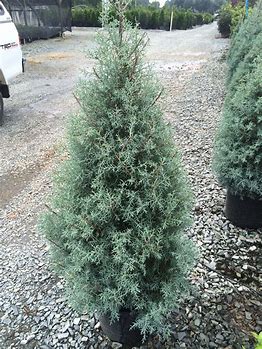 Cypress Arizona "Carolina Sapphire"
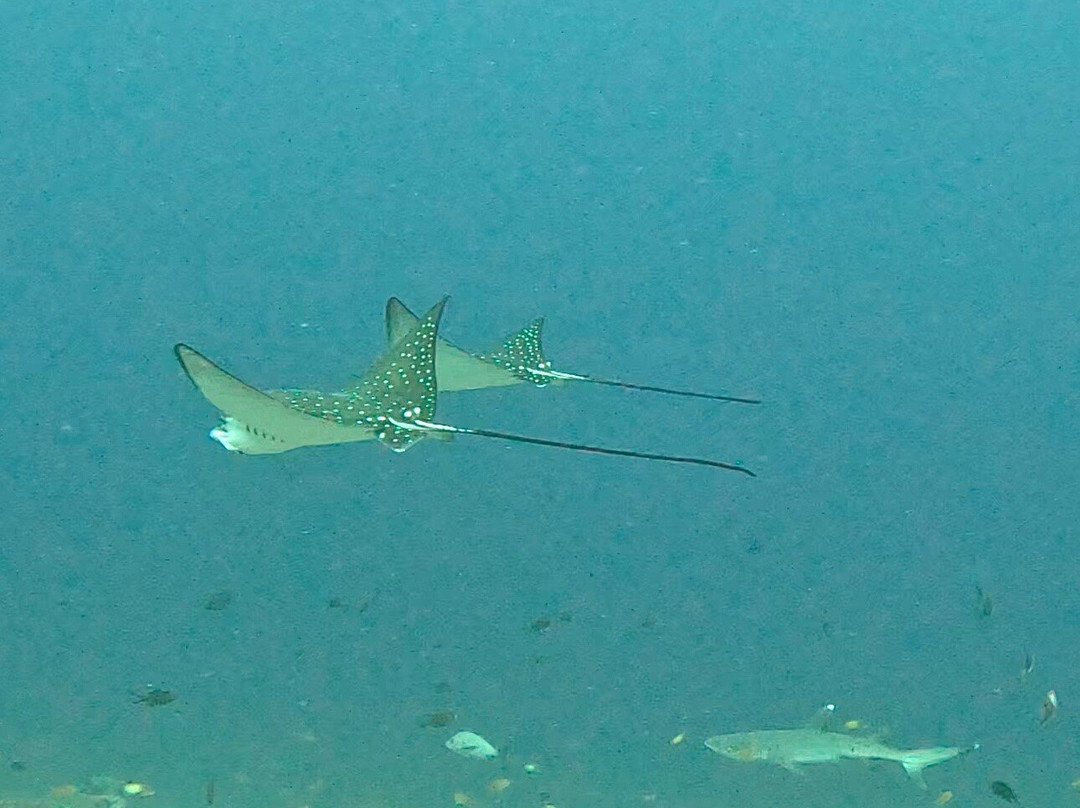 Ocean Dive Centre At Rangali景点图片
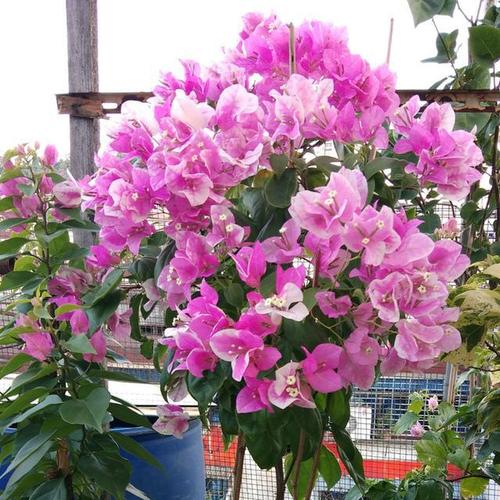 1,三角梅养护中需要合理的浇水,一旦长时间不浇水土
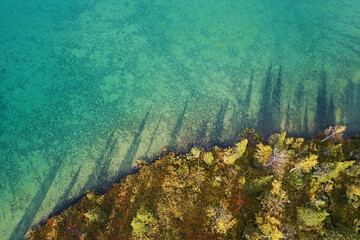 Top view lake autumn forest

__________

(TASK TO CARRY OUT): Exclude every picture, then reproduce the remaining data character for character.

(YOUR RESPONSE):
 Cypress Arizona "Carolina Sapphire"
 Ocean Dive Centre At Rangali景点图片
 1,三角梅养护中需要合理的浇水,一旦长时间不浇水土
 Top view lake autumn forest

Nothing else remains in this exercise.